Print nothing but the lines below starting at the line that holds "Close-up of young" and ending at the line that holds "Pink and green", including both, each exactly as written.

==================================================

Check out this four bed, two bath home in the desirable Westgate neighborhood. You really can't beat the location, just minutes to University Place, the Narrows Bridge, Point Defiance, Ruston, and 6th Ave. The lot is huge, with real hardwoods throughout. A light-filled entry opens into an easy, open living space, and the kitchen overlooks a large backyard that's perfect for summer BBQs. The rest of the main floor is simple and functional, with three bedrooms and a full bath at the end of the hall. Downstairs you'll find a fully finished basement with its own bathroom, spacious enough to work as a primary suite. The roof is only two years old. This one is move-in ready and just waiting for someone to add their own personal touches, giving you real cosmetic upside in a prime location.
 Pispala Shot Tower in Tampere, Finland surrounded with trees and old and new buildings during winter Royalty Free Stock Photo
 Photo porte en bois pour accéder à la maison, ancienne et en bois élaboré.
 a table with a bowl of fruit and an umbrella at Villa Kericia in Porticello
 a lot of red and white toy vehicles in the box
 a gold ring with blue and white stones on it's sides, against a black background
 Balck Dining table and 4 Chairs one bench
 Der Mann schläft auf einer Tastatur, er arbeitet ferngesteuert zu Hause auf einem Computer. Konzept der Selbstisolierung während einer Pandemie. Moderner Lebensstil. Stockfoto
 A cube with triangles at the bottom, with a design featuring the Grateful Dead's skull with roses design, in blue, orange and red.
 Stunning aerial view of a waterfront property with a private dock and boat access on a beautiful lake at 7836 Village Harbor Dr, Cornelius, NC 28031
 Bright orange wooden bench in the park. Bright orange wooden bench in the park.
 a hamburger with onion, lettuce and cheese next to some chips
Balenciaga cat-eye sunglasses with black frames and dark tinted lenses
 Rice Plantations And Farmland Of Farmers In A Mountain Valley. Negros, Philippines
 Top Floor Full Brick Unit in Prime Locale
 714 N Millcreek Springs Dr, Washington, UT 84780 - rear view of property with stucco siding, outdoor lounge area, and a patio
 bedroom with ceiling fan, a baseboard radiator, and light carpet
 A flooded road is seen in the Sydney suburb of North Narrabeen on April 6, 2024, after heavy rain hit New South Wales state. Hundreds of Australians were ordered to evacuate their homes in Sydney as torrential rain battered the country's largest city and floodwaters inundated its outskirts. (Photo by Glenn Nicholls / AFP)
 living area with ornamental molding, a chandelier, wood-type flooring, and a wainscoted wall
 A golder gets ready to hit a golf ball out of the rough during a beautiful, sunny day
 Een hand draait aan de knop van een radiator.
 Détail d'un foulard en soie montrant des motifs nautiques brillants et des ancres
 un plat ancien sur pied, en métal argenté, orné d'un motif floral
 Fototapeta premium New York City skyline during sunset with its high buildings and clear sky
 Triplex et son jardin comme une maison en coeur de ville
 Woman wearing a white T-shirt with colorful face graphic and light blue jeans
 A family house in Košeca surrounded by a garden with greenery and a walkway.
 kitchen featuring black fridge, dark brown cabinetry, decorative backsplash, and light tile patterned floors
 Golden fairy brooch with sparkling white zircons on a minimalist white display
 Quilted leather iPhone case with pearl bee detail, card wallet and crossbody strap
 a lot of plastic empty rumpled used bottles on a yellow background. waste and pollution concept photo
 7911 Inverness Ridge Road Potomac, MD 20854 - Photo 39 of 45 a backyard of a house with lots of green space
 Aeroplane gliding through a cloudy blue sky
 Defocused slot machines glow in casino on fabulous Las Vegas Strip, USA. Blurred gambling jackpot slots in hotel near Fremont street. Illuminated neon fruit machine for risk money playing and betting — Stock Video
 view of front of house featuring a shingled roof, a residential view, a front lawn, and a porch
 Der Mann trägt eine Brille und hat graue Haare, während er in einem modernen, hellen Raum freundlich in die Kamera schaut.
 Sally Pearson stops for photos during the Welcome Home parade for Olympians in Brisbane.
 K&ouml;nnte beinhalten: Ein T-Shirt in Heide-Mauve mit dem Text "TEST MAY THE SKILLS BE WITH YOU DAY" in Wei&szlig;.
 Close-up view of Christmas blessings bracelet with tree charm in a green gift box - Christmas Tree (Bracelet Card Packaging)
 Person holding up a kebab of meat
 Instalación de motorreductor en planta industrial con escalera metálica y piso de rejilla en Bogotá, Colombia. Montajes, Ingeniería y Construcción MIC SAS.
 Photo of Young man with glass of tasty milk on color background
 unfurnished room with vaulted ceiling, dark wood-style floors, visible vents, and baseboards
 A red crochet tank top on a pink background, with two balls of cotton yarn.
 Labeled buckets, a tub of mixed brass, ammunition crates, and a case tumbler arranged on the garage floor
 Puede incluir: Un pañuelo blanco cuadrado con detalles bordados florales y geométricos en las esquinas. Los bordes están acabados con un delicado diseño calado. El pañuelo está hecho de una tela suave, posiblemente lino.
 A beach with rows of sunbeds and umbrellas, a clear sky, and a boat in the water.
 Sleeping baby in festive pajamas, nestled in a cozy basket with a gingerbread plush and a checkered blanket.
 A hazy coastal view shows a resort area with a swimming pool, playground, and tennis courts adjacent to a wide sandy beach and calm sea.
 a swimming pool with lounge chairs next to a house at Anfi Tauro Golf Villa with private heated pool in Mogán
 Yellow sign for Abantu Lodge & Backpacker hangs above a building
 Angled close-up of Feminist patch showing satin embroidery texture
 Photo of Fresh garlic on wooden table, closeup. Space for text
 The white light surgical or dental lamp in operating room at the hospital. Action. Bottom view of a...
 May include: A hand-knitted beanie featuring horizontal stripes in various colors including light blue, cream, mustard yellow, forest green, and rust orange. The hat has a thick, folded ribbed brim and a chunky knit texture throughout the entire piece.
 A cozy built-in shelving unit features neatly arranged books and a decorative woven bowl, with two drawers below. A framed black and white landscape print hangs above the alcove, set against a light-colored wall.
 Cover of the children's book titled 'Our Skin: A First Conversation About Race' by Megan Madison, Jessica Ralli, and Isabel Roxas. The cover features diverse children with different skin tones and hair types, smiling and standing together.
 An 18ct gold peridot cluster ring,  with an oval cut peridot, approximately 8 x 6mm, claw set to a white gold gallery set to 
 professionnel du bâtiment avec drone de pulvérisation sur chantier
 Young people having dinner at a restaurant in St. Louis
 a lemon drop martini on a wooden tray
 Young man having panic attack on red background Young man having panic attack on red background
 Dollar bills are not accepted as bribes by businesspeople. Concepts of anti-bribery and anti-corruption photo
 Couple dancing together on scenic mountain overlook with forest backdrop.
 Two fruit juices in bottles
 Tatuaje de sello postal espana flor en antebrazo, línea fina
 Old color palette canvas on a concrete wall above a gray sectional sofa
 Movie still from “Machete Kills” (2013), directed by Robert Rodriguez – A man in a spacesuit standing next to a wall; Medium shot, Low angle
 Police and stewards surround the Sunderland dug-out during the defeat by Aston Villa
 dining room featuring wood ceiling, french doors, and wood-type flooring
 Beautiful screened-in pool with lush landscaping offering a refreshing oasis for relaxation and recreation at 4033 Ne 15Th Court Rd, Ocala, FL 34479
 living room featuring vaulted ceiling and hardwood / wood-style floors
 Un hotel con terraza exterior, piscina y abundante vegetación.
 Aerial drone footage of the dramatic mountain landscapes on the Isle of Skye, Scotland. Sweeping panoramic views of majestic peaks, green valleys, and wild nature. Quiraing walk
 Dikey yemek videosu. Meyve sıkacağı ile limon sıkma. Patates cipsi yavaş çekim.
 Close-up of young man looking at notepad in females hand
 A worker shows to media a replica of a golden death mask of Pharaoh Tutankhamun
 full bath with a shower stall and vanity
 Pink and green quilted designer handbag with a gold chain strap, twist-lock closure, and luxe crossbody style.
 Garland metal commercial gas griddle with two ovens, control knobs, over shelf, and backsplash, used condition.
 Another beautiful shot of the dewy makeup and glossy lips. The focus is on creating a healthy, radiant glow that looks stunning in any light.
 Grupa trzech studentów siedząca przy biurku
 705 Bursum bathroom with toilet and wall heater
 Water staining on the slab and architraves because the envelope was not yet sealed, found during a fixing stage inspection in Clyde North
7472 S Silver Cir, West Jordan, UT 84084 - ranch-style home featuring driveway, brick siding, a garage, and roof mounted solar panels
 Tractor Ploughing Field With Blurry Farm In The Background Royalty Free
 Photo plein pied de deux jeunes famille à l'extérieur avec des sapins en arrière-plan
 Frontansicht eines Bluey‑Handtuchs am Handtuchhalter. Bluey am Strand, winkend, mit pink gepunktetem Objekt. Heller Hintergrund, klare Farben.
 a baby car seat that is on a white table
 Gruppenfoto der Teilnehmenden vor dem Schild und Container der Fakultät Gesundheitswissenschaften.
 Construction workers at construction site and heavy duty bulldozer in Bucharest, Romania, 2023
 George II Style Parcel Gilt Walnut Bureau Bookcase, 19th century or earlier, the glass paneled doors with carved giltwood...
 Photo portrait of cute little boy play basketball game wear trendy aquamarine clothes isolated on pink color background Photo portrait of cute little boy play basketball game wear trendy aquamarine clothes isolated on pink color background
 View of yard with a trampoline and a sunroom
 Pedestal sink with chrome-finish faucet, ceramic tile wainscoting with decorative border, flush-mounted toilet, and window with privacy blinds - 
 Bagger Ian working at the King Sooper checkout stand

==================================================

→ **YOUR RESPONSE**
 Close-up of young man looking at notepad in females hand
 A worker shows to media a replica of a golden death mask of Pharaoh Tutankhamun
 full bath with a shower stall and vanity
 Pink and green quilted designer handbag with a gold chain strap, twist-lock closure, and luxe crossbody style.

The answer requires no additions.